第73話 悪しき魔神の暗躍

「未確認の敵性魔神格が暗躍している可能性が有りと、関係各所に鳩を飛ばせ!」

「基地内の者は総員第一種厳戒態勢で待機! だが外部には気取られるな! 最悪の場合はガスコイン領に潜伏しているかもしれん!」


 未確認の魔神格。ルトのその懸念は、ランドバルドたちだけでなく、レオン基地の全てに衝撃をもたらした。

 なにせ若い大公の杞憂で片付けるには、あまりにも状況証拠が揃いすぎているのだ。

 魔術の範疇を超えている怪物。人間の臓器からキーワード一つで変質する異形の生命体など、只人に生み出せるわけがない。
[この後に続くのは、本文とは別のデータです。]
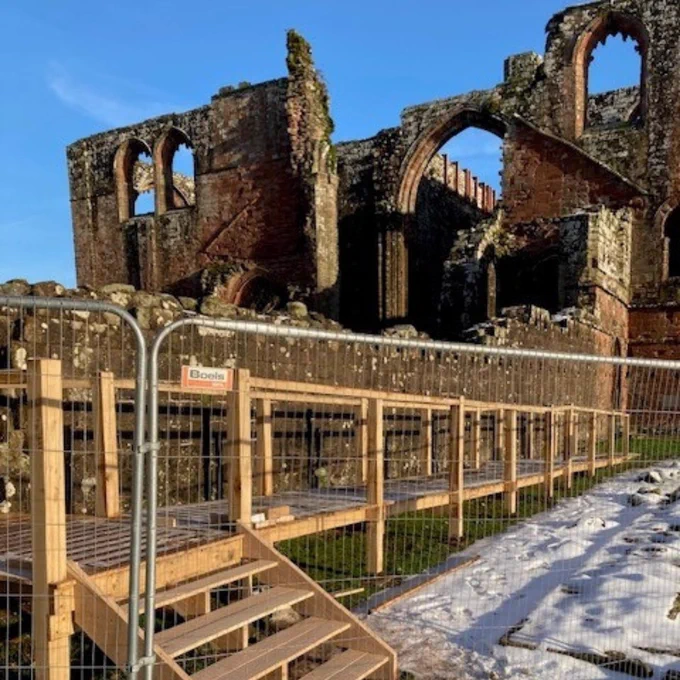 A wooden walkway leading to the abbey ruins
 この一点でもって、未確認の魔神格が関与している可能性は極めて高い。神兵を探知した時のように、神威の確認こそできてはいないが、だからと言って切り捨てるにはリスクが高すぎる。

 対国家を実現できる超戦力が関与している可能性がある以上、レオン基地の者たちは『いる』ことを前提に行動を開始していた。


「アクシア殿は引っ張ってこれそうか?」

「……難しいところかと。ハイゼンベルグ夫人は、対使徒の最終防衛線でございます故。確証のない現段階では動かせないでしょう」

「……そうか」


 怒号の飛び交う基地責任者たちによる緊急会議。その席にて、ルトとランドバルドもまた険しい表情で言葉を交わしている。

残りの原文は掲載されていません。